Even on the other side of the world, Fraser was well known and was visited in hospital by David Walker, chairman of the Sydney YMCA and a keen footballer, who then summoned a Presbyterian minister, Alex Miller, who had studied divinity with one of Fraser’s Queen’s Park colleagues, WW Beveridge. He came too late, and Miller had the sad task of returning the young man’s belongings to his family.
Miller also set up an Eadie Fraser Memorial Fund in Sydney to pay for a headstone at his grave, but the appeal failed to gather sufficient funds from local footballers; even a request for a contribution from Queen’s Park fell on deaf ears. Sadly, his final resting place in the city’s vast Rookwood Cemetery remains unmarked.
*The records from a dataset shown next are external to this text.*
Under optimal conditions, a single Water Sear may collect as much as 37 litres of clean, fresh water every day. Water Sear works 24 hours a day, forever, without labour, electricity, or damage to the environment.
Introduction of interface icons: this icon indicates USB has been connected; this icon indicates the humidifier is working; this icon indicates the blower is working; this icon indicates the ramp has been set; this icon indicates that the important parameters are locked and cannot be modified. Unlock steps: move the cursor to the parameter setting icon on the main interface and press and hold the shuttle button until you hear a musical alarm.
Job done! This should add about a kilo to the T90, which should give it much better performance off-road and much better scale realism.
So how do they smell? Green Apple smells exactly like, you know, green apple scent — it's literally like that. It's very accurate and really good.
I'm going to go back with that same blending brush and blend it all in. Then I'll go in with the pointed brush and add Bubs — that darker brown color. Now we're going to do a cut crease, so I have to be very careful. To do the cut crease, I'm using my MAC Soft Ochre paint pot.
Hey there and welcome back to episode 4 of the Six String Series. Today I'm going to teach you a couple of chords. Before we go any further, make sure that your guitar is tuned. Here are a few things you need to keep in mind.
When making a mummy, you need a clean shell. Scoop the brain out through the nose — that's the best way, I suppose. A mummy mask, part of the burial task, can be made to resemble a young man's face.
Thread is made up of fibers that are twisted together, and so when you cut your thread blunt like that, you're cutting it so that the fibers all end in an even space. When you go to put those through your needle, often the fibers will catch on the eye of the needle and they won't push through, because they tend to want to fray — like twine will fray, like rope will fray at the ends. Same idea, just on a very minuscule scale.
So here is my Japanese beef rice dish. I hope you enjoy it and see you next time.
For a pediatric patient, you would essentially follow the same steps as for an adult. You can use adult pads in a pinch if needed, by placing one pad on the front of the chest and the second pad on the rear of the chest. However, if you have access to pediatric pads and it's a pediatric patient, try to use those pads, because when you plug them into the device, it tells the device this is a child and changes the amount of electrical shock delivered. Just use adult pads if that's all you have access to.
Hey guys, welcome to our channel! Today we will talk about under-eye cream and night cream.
Fraser’s African adventure and the struggles of the final voyage might have remained unknown had it not been for the rediscovery of his diaries and letters by his great great nephew Alex Cochrane. While some of the originals are too fragile to handle, they have been transcribed: “They were copied to my mother from a North American member of the extended Fraser clan,” he said. “The final letter is the most poignant with a description of the awful time he had.” Mr Cochrane, who lives in Glasgow, also has photos of Eadie alongside some of the Queen’s Park greats.
The diaries bring home the tragedy of a brief but much celebrated life, which one contemporary sports writer summed up: “I question very much if any forward of that time exercised such a potent influence over the spectators, and no style of play was more followed by the younger dribblers than that of Fraser.”